He is trying to remold the US into the country of his imagining, but does not have much of a grasp on economics.
He sees tariffs as a way to force all manufacturing, mining etc to be in the US. This will, of course, result in a huge recession, since the US cannot cost effectively make a lot of consumer goods. (And tariffs drive up prices of American manufactured goods as well.) So the cycle will go:
-High tariffs drive up cost of consumer goods
--Rich people don't care
--Middle class people lose money; they start depleting their savings to continue to buy what they need
--The poor simply starve/do without.
-Fewer people buying goods = fewer manufacturing jobs
--Unemployment rises
--Overall US economic output goes down
-Higher tariffs are needed as US companies fail and foreign companies become the sole source for some goods
--Consumer goods rise in price again
--Return to top of list
That will be the effect, but not the plan.
Agreed.
But isn't there also the issue of the revenue from the tariffs - effectively a new purchase tax levied on the whole population - funding the tax cuts he (and the tech bros) intend to make?
Another point about all this is that I don't believe business will invest in reshoring production unless the tariff wall is seen to be an enduring feature of the US economy. The capricious nature of Trump's decisions makes this a very unreliable assumption, to put it mildly. Even if Trump swears he will stick to it, his word is proven to be worthless. Furthermore, since most economists agree tariffs are a terrible idea, how likely is it that they will outlast Trump? That being the case, who, for instance, is going to invest $500m in a car plant taking 3 yrs to build and paying back over the next 5, on the basis of what we have seen to date? Only a moron with money to burn, surely?

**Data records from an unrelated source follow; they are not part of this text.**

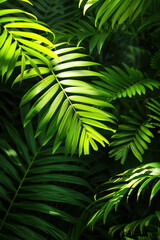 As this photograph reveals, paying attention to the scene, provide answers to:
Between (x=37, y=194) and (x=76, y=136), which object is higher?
(x=76, y=136)

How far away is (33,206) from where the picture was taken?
1027 millimetres

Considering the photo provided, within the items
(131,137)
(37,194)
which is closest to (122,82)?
(131,137)

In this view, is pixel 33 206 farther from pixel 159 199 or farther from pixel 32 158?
pixel 159 199

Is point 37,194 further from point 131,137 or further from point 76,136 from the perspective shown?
point 131,137

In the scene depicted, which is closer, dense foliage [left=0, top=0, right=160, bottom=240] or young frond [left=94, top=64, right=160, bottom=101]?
dense foliage [left=0, top=0, right=160, bottom=240]

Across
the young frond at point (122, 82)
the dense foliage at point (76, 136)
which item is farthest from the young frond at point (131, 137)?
Answer: the young frond at point (122, 82)

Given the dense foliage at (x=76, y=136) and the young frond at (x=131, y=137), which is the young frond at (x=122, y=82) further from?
the young frond at (x=131, y=137)

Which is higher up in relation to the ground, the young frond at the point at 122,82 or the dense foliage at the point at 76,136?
the young frond at the point at 122,82

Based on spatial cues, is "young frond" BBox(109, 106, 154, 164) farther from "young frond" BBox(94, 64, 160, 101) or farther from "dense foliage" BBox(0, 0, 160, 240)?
"young frond" BBox(94, 64, 160, 101)

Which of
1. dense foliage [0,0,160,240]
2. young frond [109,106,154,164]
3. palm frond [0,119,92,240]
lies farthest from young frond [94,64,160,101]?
palm frond [0,119,92,240]

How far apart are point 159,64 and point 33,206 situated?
0.86 m

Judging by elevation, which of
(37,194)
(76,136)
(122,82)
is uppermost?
(122,82)

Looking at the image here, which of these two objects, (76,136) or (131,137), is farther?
(131,137)

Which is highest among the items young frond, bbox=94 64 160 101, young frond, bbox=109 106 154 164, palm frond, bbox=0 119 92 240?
young frond, bbox=94 64 160 101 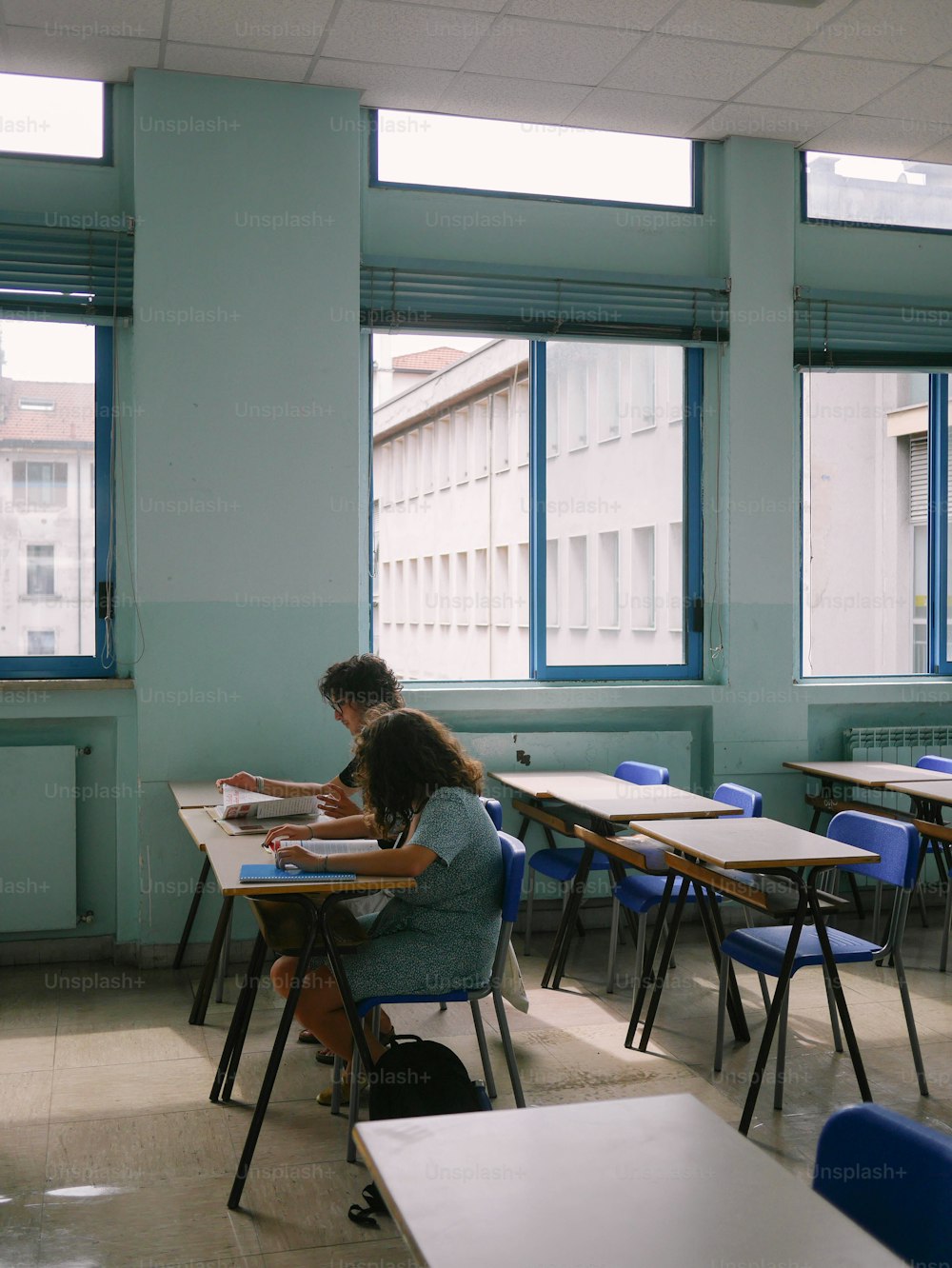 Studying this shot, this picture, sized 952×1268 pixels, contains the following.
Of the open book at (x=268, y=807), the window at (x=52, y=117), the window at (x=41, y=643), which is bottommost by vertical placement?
the open book at (x=268, y=807)

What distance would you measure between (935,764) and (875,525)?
133 centimetres

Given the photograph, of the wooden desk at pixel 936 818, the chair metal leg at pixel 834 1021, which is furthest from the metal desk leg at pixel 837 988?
the wooden desk at pixel 936 818

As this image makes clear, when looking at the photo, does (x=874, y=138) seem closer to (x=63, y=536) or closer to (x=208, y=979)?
(x=63, y=536)

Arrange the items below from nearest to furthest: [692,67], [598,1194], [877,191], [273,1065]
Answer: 1. [598,1194]
2. [273,1065]
3. [692,67]
4. [877,191]

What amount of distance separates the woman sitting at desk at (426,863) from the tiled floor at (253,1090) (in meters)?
0.48

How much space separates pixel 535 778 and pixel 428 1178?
137 inches

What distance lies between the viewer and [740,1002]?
3.89m

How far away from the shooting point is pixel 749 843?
3352 millimetres

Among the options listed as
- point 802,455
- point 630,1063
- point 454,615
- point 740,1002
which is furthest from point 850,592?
point 630,1063

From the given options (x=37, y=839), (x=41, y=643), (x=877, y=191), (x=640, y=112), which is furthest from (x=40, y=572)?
(x=877, y=191)

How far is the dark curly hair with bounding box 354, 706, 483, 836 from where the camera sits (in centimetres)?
288

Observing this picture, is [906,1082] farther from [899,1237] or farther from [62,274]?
[62,274]

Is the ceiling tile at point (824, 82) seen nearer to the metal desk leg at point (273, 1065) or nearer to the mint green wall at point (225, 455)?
the mint green wall at point (225, 455)

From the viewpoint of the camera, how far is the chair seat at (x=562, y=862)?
4445 millimetres
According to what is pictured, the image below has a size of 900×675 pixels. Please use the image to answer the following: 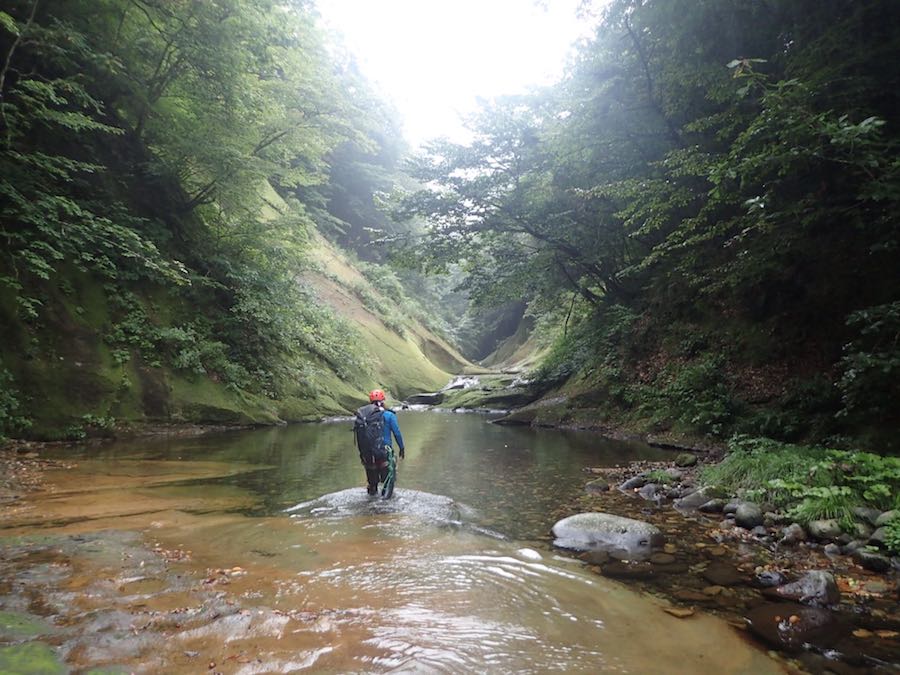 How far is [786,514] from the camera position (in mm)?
5281

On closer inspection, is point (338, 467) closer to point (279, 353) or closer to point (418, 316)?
point (279, 353)

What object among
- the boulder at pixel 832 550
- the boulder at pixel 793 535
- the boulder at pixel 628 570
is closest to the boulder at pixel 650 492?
the boulder at pixel 793 535

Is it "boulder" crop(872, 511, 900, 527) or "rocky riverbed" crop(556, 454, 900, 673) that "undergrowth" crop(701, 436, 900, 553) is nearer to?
"boulder" crop(872, 511, 900, 527)

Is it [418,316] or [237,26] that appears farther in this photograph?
[418,316]

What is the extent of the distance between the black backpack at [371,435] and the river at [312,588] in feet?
1.88

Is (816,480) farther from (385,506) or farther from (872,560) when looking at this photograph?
(385,506)

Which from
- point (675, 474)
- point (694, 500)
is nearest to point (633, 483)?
point (675, 474)

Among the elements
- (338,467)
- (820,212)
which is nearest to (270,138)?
(338,467)

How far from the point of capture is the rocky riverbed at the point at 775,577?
10.6 feet

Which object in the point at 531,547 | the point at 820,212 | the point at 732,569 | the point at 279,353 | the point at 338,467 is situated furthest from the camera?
the point at 279,353

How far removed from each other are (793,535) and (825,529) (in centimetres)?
29

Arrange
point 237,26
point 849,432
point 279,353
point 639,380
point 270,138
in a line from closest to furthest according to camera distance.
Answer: point 849,432 < point 237,26 < point 639,380 < point 270,138 < point 279,353

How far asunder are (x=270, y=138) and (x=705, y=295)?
44.2 feet

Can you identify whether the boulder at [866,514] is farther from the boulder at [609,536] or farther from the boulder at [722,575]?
the boulder at [609,536] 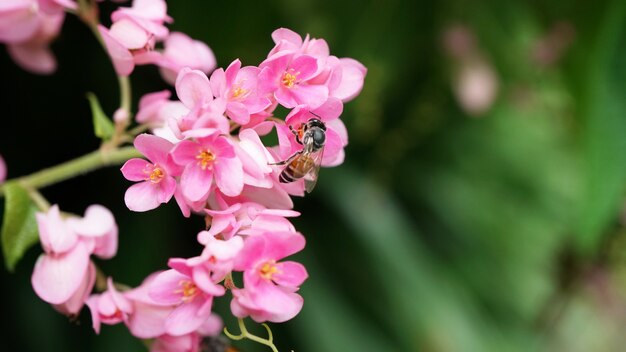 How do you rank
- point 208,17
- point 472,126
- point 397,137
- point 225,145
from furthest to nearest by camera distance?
point 472,126
point 397,137
point 208,17
point 225,145

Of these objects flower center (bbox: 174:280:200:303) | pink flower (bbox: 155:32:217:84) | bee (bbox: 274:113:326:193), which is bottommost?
flower center (bbox: 174:280:200:303)

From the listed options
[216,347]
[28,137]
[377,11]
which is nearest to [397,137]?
[377,11]

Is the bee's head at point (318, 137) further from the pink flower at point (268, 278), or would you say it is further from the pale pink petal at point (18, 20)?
the pale pink petal at point (18, 20)

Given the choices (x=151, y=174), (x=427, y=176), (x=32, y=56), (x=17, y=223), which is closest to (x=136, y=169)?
(x=151, y=174)

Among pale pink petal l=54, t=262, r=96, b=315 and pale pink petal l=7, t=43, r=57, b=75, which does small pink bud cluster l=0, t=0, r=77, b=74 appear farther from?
pale pink petal l=54, t=262, r=96, b=315

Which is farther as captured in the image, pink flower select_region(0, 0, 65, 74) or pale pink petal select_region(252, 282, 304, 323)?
pink flower select_region(0, 0, 65, 74)

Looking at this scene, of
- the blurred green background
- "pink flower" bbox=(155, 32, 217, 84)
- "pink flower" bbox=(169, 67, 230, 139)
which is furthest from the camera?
the blurred green background

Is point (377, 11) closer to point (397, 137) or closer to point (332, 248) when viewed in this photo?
point (397, 137)

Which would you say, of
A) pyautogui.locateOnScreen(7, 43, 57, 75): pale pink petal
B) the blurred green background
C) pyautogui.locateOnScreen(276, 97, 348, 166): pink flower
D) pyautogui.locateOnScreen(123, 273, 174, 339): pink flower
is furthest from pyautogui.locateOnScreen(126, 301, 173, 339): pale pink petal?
the blurred green background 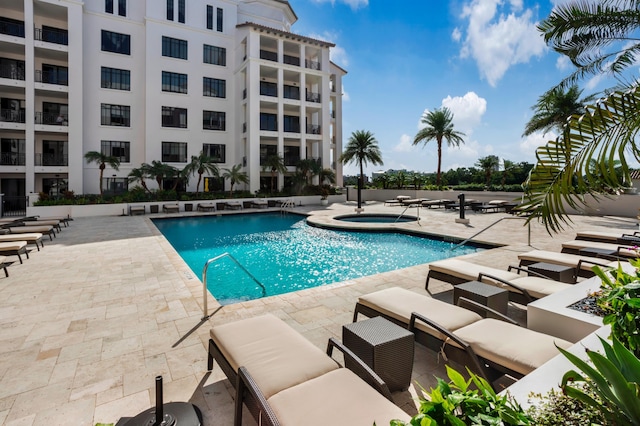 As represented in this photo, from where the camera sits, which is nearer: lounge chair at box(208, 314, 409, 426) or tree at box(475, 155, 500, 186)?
lounge chair at box(208, 314, 409, 426)

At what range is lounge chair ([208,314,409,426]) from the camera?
2195 mm

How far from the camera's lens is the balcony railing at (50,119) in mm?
23453

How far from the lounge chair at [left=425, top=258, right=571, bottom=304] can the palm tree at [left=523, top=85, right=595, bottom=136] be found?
1748 centimetres

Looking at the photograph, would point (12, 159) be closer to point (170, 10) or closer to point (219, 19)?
point (170, 10)

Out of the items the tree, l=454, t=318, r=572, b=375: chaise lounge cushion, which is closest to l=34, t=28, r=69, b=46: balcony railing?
l=454, t=318, r=572, b=375: chaise lounge cushion

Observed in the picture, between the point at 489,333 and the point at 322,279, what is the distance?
5.55 metres

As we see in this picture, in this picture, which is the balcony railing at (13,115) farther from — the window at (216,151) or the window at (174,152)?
the window at (216,151)

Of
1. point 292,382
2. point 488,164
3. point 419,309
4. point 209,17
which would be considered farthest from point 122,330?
point 488,164

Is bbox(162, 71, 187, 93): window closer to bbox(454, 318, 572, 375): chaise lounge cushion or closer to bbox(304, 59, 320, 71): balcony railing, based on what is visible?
bbox(304, 59, 320, 71): balcony railing

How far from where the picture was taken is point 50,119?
945 inches

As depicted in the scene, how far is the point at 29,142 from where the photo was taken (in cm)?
2195

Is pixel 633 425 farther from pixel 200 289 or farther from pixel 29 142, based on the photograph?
pixel 29 142

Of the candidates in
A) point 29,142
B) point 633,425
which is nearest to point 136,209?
point 29,142

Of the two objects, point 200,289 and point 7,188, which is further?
point 7,188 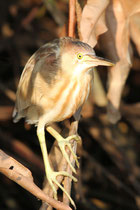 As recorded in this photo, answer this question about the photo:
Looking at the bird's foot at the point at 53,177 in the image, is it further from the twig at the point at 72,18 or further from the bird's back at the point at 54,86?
the twig at the point at 72,18

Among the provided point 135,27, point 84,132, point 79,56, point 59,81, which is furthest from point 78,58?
point 84,132

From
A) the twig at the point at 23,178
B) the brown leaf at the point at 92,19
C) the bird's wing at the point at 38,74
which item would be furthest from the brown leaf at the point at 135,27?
the twig at the point at 23,178

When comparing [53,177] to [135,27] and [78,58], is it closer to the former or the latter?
[78,58]

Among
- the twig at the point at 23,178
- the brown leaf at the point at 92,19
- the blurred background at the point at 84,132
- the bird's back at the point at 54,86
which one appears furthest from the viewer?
the blurred background at the point at 84,132

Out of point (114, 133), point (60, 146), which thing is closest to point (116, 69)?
point (60, 146)

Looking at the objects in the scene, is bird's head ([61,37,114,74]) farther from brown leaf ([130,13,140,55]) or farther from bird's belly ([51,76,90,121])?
brown leaf ([130,13,140,55])

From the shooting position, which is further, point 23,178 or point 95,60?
point 95,60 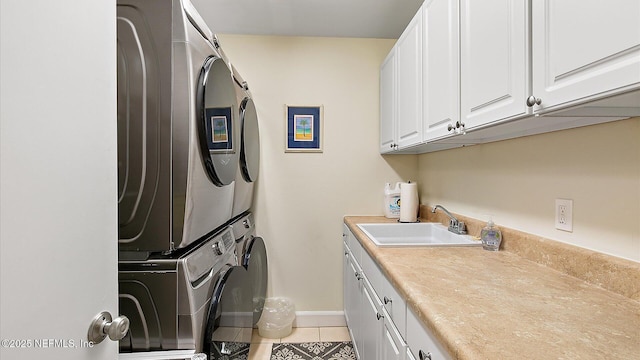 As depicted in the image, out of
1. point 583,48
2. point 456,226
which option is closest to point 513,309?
point 583,48

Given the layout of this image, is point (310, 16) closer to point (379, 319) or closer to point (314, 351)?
point (379, 319)

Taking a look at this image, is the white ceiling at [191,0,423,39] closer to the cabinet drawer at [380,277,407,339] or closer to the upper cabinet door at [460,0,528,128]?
the upper cabinet door at [460,0,528,128]

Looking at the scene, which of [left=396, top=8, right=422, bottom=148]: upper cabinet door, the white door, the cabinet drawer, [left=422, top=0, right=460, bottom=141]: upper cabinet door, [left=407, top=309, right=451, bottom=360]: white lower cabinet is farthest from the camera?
[left=396, top=8, right=422, bottom=148]: upper cabinet door

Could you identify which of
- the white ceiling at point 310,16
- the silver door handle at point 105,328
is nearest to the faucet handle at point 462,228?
the white ceiling at point 310,16

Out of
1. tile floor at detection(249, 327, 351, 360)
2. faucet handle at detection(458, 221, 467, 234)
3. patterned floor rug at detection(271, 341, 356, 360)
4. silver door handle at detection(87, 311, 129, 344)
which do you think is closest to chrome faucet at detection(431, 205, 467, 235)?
faucet handle at detection(458, 221, 467, 234)

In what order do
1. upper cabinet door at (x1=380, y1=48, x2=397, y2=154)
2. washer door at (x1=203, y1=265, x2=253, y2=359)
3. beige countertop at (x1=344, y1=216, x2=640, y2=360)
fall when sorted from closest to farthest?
beige countertop at (x1=344, y1=216, x2=640, y2=360), washer door at (x1=203, y1=265, x2=253, y2=359), upper cabinet door at (x1=380, y1=48, x2=397, y2=154)

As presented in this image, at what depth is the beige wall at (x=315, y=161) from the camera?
2.65 metres

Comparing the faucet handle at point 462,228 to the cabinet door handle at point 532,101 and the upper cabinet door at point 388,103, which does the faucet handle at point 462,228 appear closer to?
the upper cabinet door at point 388,103

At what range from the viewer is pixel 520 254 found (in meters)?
1.36

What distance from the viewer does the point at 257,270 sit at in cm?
228

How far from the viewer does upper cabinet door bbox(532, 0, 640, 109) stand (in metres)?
0.66

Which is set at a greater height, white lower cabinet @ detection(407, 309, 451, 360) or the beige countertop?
the beige countertop

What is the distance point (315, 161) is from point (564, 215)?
1835 mm

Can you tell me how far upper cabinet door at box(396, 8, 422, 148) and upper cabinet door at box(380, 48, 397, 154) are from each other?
11 cm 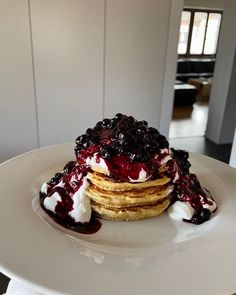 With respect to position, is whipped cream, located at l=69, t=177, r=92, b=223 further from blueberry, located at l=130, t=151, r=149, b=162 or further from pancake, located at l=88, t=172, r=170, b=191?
blueberry, located at l=130, t=151, r=149, b=162

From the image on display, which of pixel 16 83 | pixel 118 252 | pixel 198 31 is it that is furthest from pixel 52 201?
pixel 198 31

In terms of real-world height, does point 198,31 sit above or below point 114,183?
above

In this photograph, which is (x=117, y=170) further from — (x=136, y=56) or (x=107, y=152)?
(x=136, y=56)

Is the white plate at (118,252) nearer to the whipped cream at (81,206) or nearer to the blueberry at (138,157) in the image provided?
the whipped cream at (81,206)

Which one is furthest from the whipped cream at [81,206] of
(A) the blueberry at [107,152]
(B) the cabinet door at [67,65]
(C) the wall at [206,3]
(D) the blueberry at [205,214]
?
(C) the wall at [206,3]

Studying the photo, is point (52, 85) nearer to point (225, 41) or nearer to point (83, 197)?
point (83, 197)

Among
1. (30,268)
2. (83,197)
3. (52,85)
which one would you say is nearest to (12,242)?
(30,268) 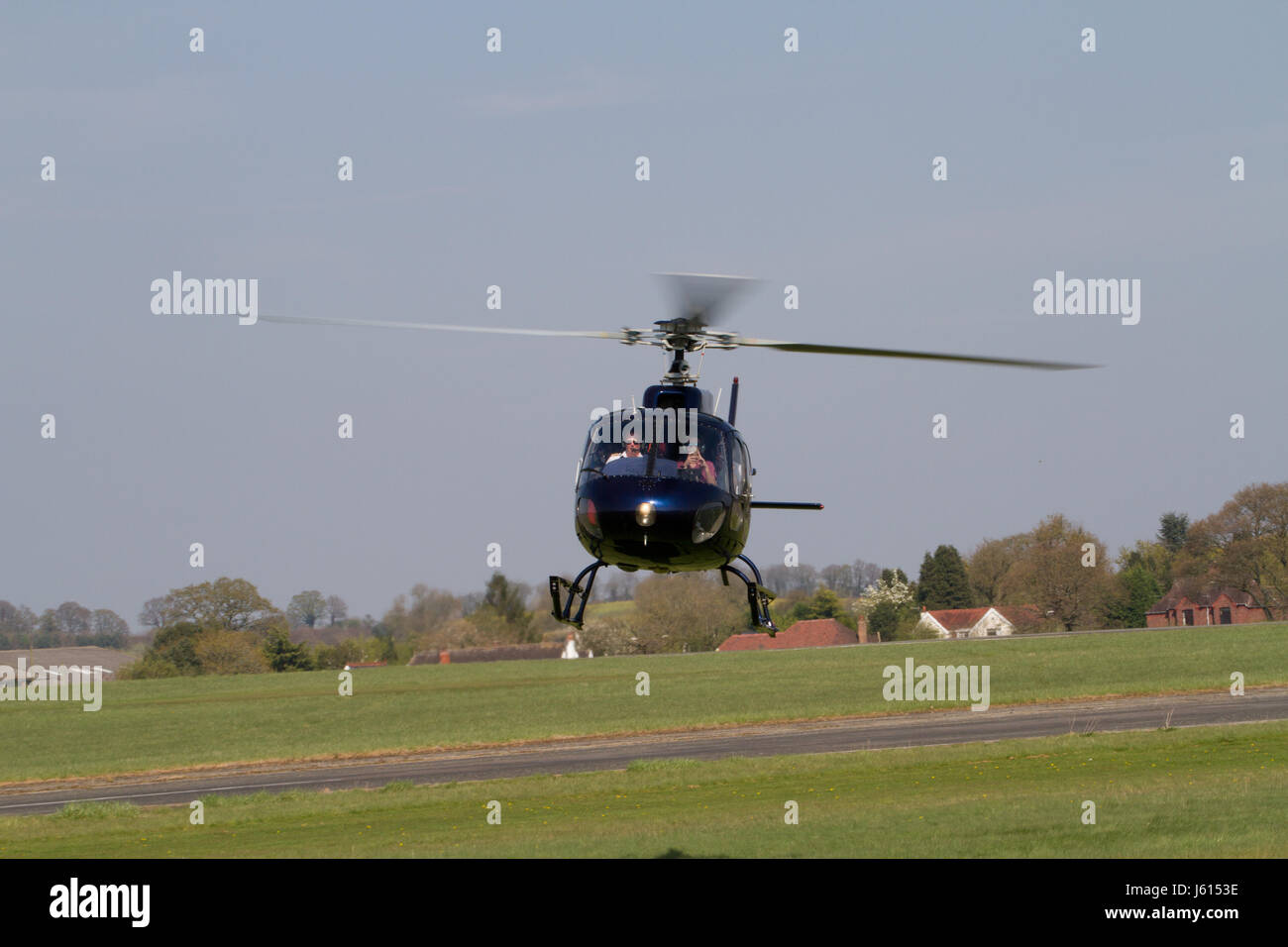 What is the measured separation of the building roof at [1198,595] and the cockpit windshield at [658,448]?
114 metres

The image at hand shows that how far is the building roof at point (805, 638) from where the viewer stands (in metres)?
115

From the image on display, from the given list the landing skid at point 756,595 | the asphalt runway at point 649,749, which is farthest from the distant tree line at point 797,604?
the landing skid at point 756,595

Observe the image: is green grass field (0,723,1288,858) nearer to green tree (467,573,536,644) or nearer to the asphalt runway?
the asphalt runway

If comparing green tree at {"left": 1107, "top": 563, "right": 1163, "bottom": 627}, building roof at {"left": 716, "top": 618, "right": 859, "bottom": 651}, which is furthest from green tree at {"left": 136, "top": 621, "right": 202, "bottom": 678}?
green tree at {"left": 1107, "top": 563, "right": 1163, "bottom": 627}

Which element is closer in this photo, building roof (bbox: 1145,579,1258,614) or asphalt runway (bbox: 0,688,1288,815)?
asphalt runway (bbox: 0,688,1288,815)

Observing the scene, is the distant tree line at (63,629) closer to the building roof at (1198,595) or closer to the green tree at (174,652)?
the green tree at (174,652)

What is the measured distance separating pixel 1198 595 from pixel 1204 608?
135 centimetres

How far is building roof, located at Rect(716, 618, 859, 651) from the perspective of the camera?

Like Musk, perhaps, but not General Motors, I suspect.
And then, regarding investment, there is also the little matter of the
rule of law in the USA. I read, for example, that business is worried about the new appointment to the antitrust division of the DoJ, fearing that its activities may be directed towards rewarding Trump's friends and attacking his perceived foes, rather than on the basis of any actual trust-related activity. Antitrust enforcement is just one example. There are good reasons to be worried about other areas of regulation and the law as well. If business cannot rely on rational, and thus predictable, application of the law, that is yet another risk for any investment decision.
I think most businesses will sit on their hands.